We recently went to a wedding. I usually cry at weddings, as they are soooo beautiful! Unfortunately, crying causes my nose to fill up with so much mucus, that at my own wedding, when they told us: "you may now kiss the bride."  I responded with "nooooooooo!." My husband jokes to this day that we never got married because I wouldn't kiss him.  Anyways,  I didn't have any Kleenex, so I intentionally worked hard to not cry; it wasn't easy, but I did it.

Then, at the reception, most people got up and danced on the dance floor. I had to intentionally refrain because I knew that in my effort to prove I'm not too old to "work my groove", I might injure my back, knees or feet. 

I felt The Lord told me afterwards, to be intentional in my prayers.
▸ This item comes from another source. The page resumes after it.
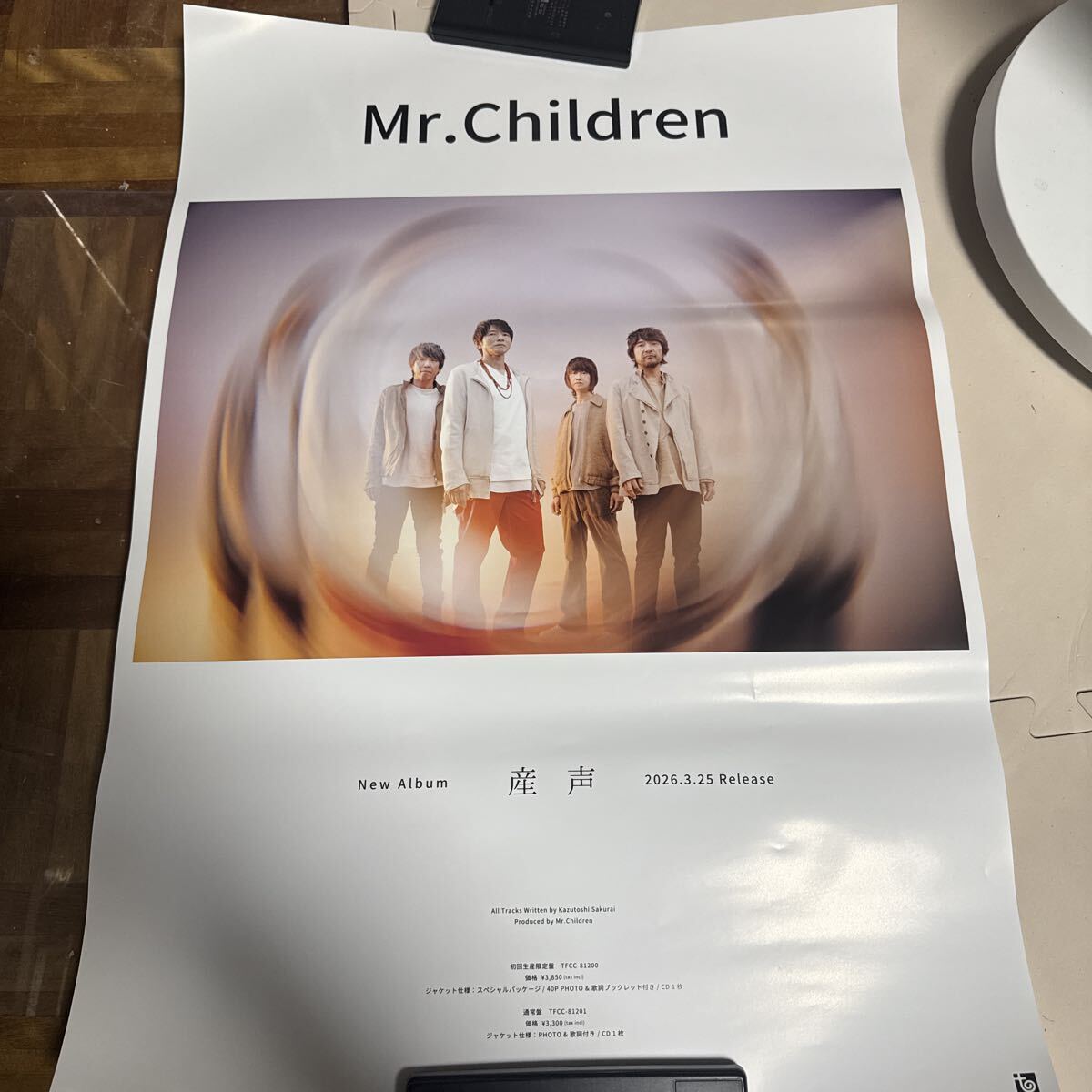 2026年最新】Yahoo!オークション -(mr.children ミスチル)の中古品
When I enter an arena where I know the enemy is active in peoples lives, I need to intentionally guard my heart through prayer. It requires paying attention to my surroundings, being a Watchman on the wall. I am not to be ignorant of the enemies schemes. I need to always be prepared.
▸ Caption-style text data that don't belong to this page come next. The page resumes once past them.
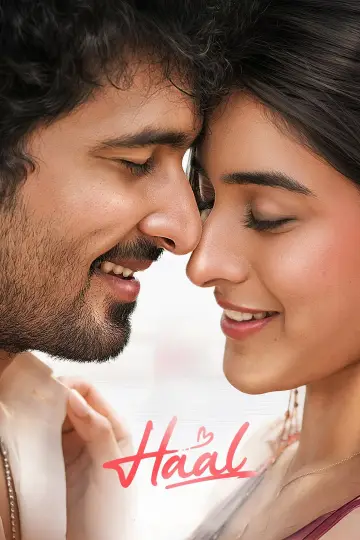 Poster to the movie "Haal" #934969
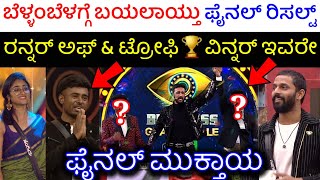 Bigg Boss Kannada Season 10 Winner  Bigg Boss Kannada [upl. by Boiney969]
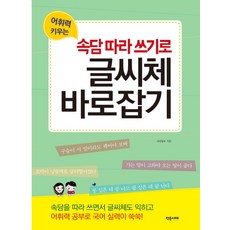 어휘력 키우는 속담따라 쓰기로 글씨체 바로잡기, 작은서재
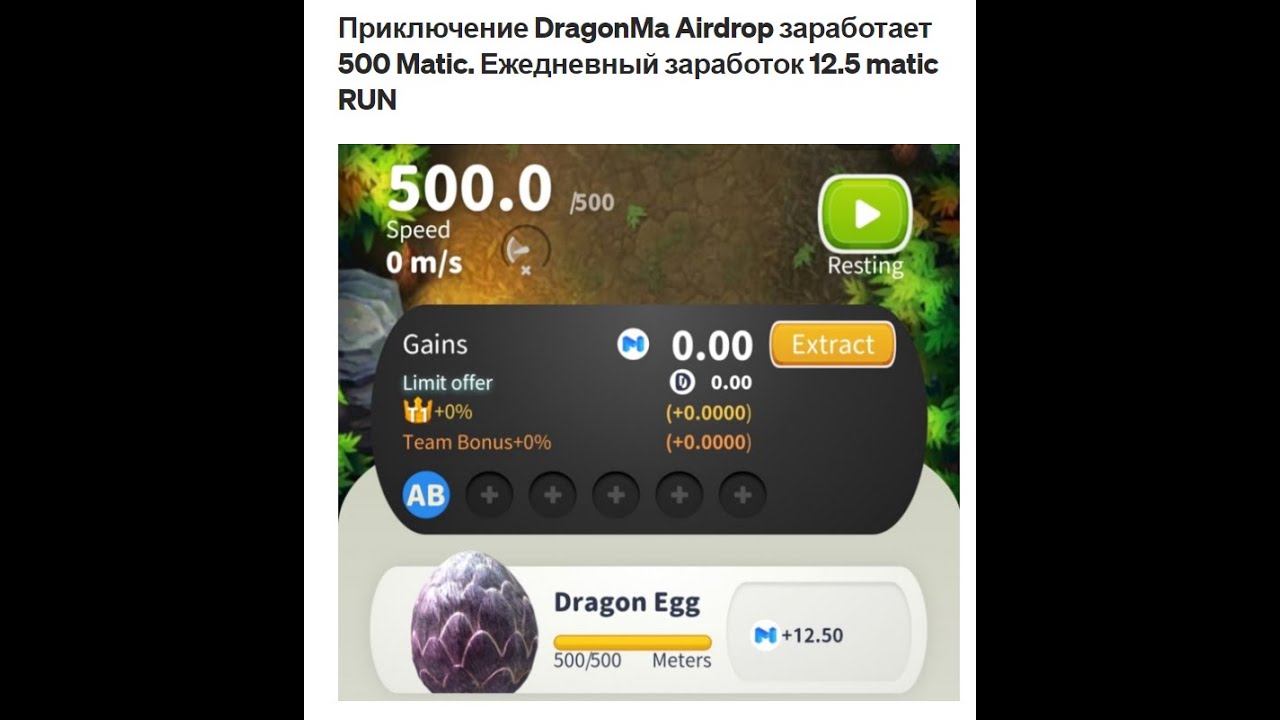 Airdrop заработок в интернете без вложений каждый день 12 MATIC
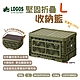 【LOGOS】堅固折疊收納籃 L (含蓋) LG73188023 折疊籃 桌籃 網籃 悠遊戶外 product thumbnail 1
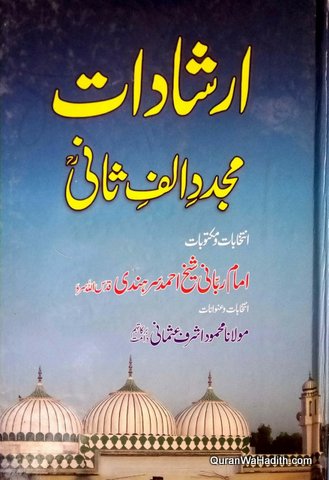 Irshadat e Mujaddid Alif Sani Shaikh Ahmad Sarhindi, ارشادات مجدد الف ثانی
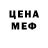 МЕТАДОН VHQ Toca Nastia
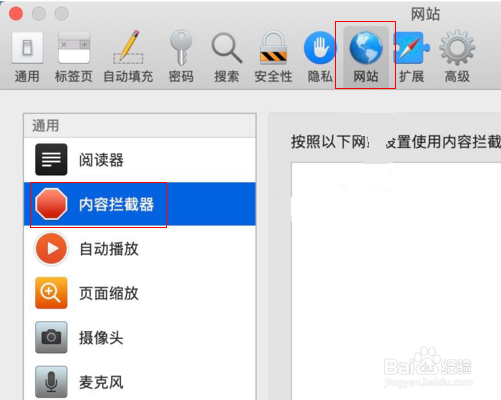 Mac的Safari浏览器不能正常使用怎么办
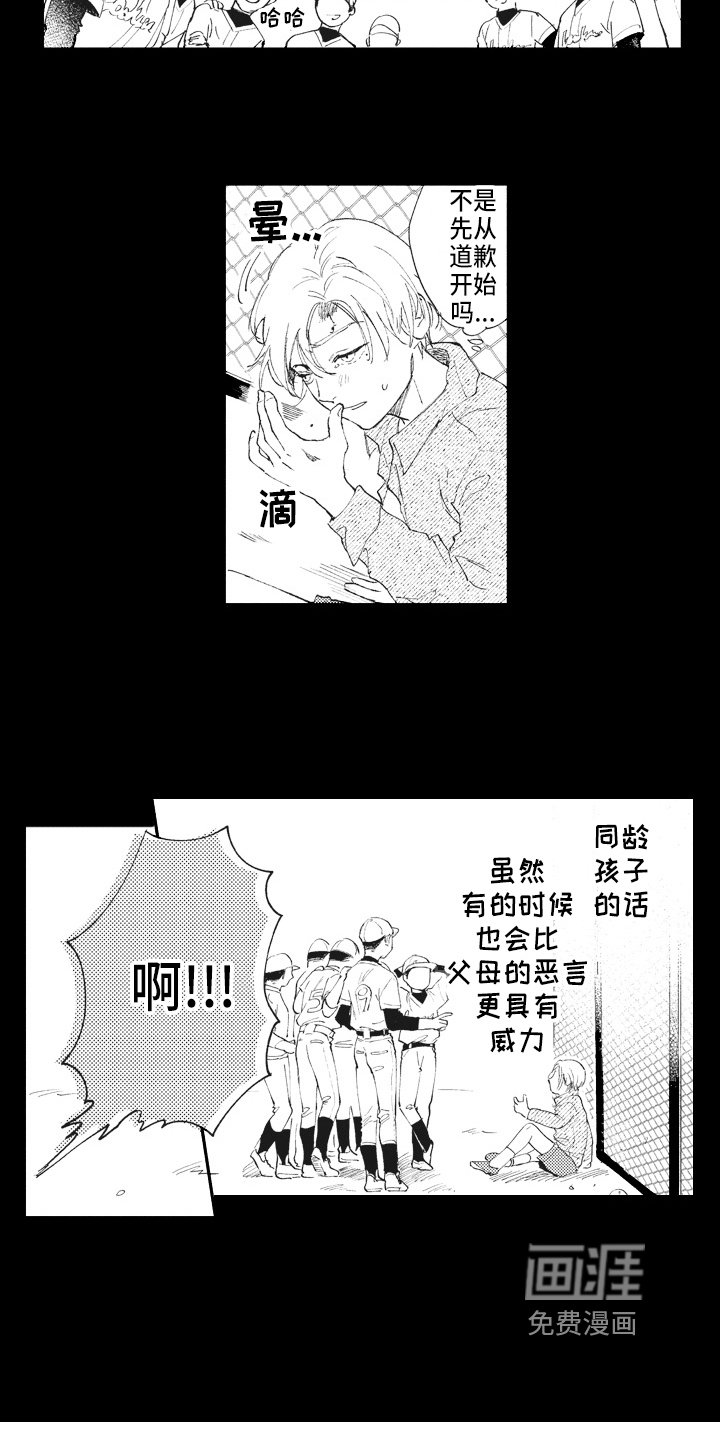 第11章：憧憬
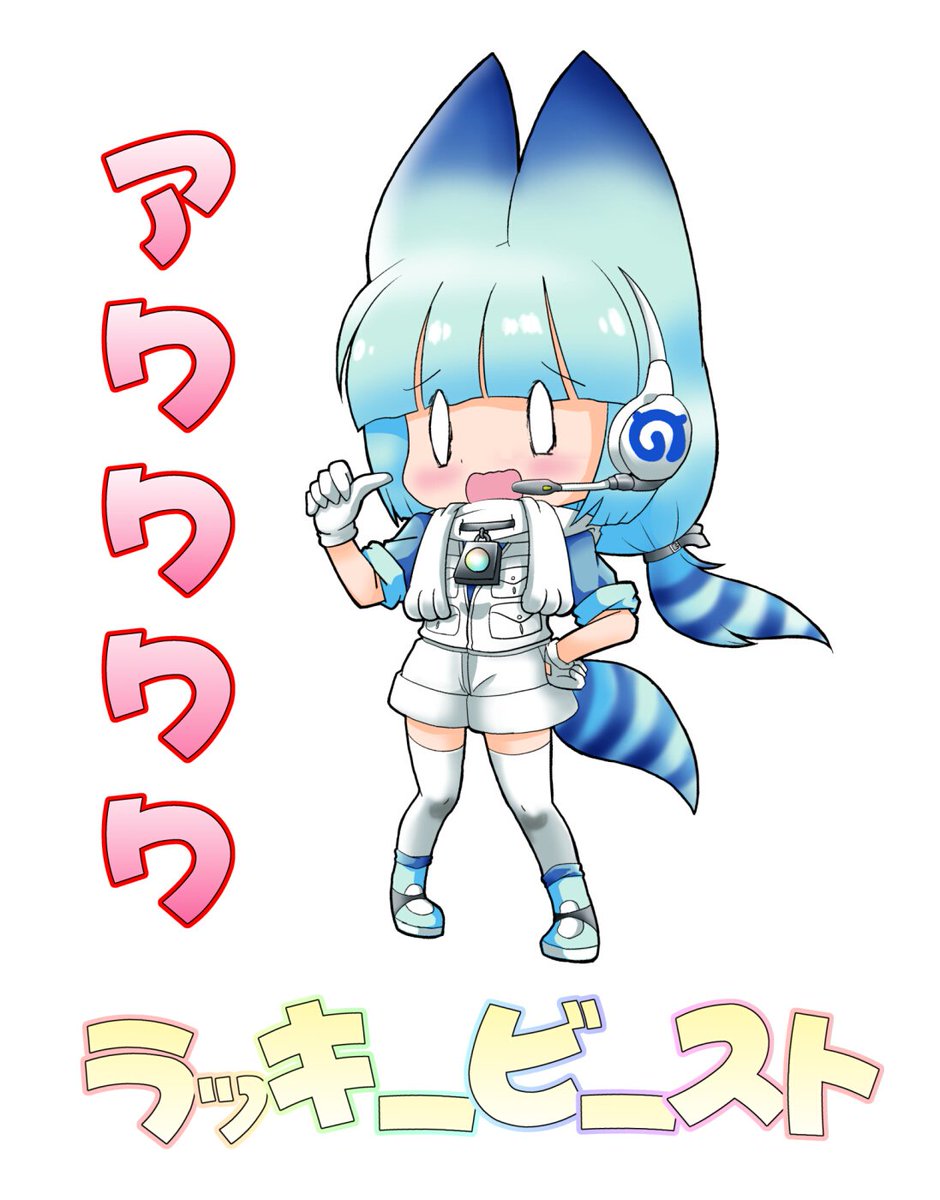 Uzivatel くさなぎけいた 徳島県のカカポ Na Twitteru ラッキービースト事ボスがフレンズ化したらネタ 原作絵ぽくと自分の絵ぽくとフリーズ顔アワワ 頭だけでラッキーさん再現と飼育員ポィ感じで ミライさんの助手的な感じでパークの業務やってそう けもフレ け Uzivatel くさなぎけいた 徳島県のカカポ Na Twitteru ラッキービースト事ボスがフレンズ化したらネタ 原作絵ぽくと自分の絵ぽくとフリーズ顔アワワ 頭だけでラッキーさん再現と飼育員ポィ感じで ミライさんの助手的な感じでパークの業務やってそう けもフレ け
Saturday, November 16, 2013

Eternity Has One Last Voyage


Eternity, our Sailboat is sold. She took her last voyage like a trooper? Steve helped the new owners motor her from Madeira Beach to St Pete Beach, a 90 minute ride.

A couple of people prior casting off, remarked to us, the overused phrase: "the happiest days of a boat buyer are when they first buy it and when they finally sell it."  
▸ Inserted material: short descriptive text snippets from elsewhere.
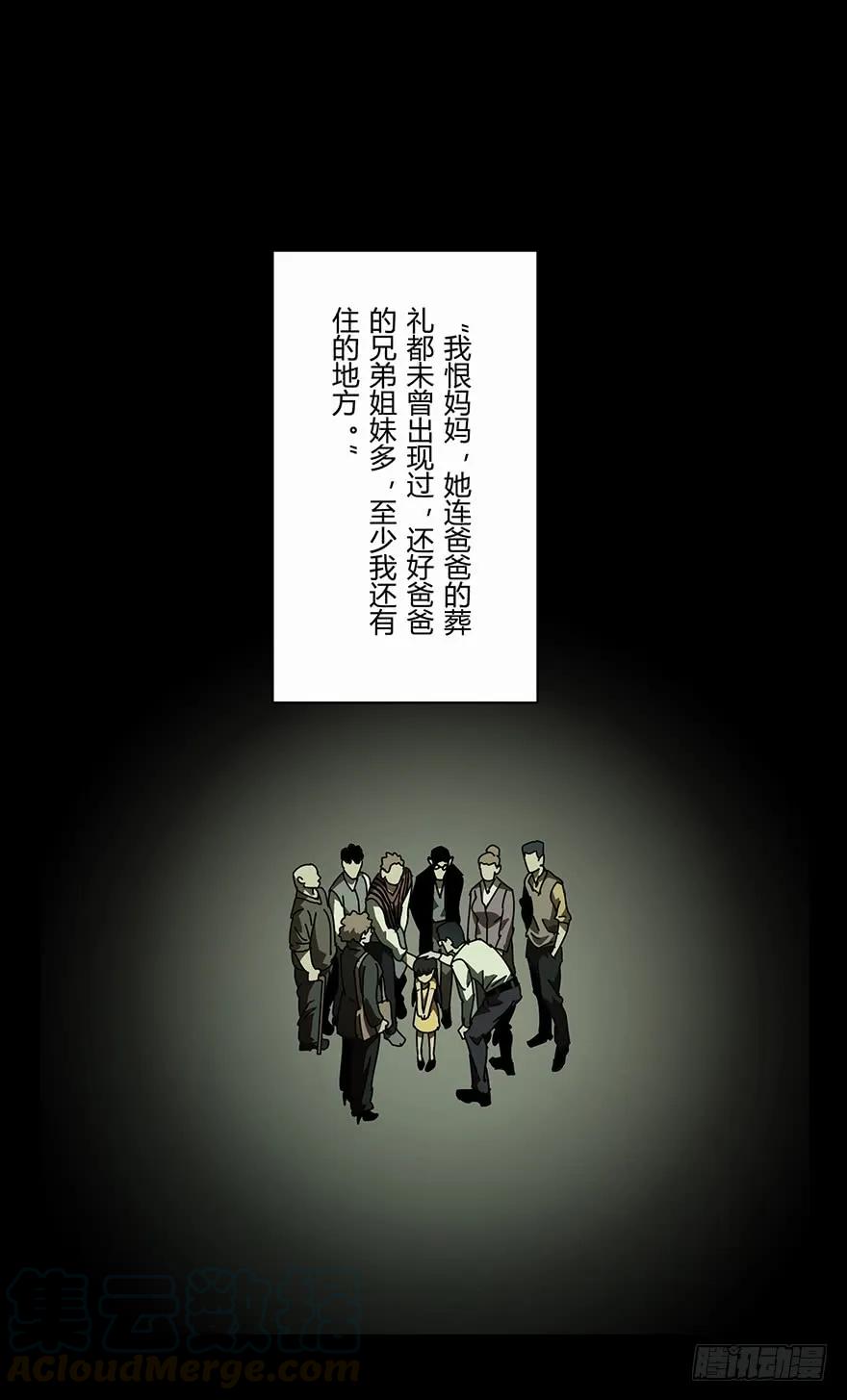 大象无形 第十六章_番天世界下 第45页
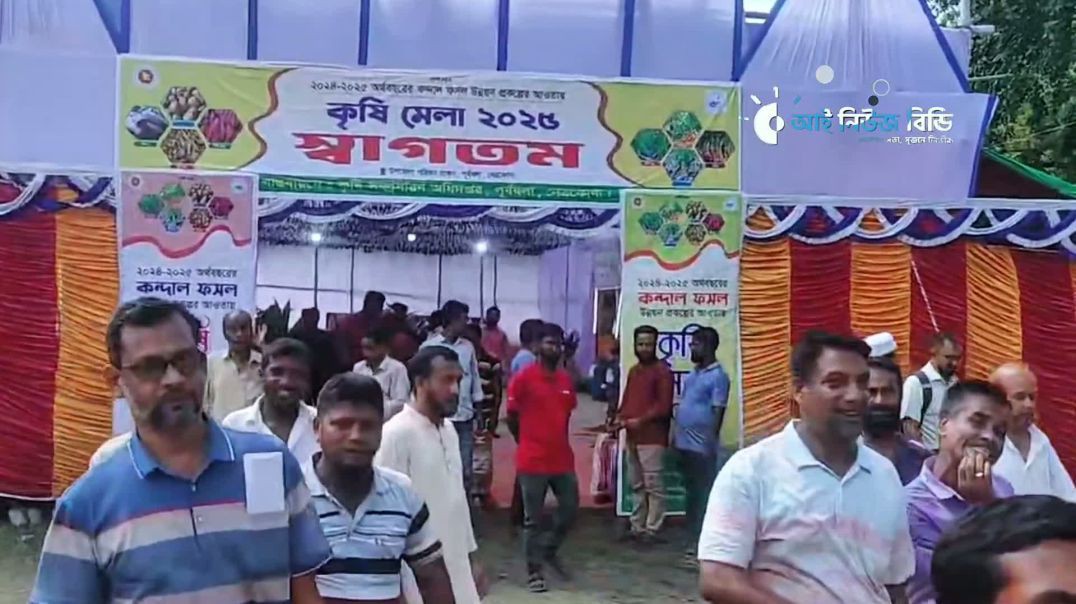 ⁣পূর্বধলায় কৃষি মেলা পরিদর্শন করলেন : বিএনপি নেতা-আবু তাহের তালুকদার।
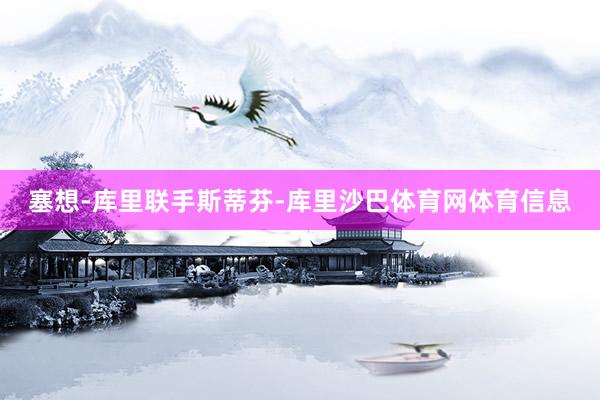 塞想-库里联手斯蒂芬-库里沙巴体育网体育信息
Steve remarked, " No, the happiest day for me will be when I put this boat behind me to go overseas and serve Christ. I wouldn't have given up the boat, but it's far more enjoyable to do kingdom work."

After docking the boat. nearby sailboat owners came over to check out their new neighbors. Chris, chatted with us for a while, then followed us out to our car. Steve expressed our reason for selling the boat. He then asked Chris if he was a Believer in Jesus. He answered," I don't think so, but I want to be". After expressing how he could be certain to be saved, we gave Him a bible, leaving our phone number inside, so; if he had questions he could call us. 

It's so cool how God has used even the sale of the boat to touch lives.  It is worth any trouble, if a life comes to the saving knowledge of Christ!  Pray that Chris finds salvation.

Sunday, November 10, 2013

Influence of Normal, Natural, Right


Recently, I've had this inner struggle to own a pet again, even if it would only be a short time, let's say six months. Yes, I have trained myself to bond then break that bond, when it comes to pet ownership. Although, I'm not thoroughly convinced I have recovered completely from those past bond, thus the struggle now.

I explored the possibilities with Steve, suggesting a cat. The expected response came: "no, cats shed."  My brain couldn't accept that answer and I went into resolve mode by having a dream last night.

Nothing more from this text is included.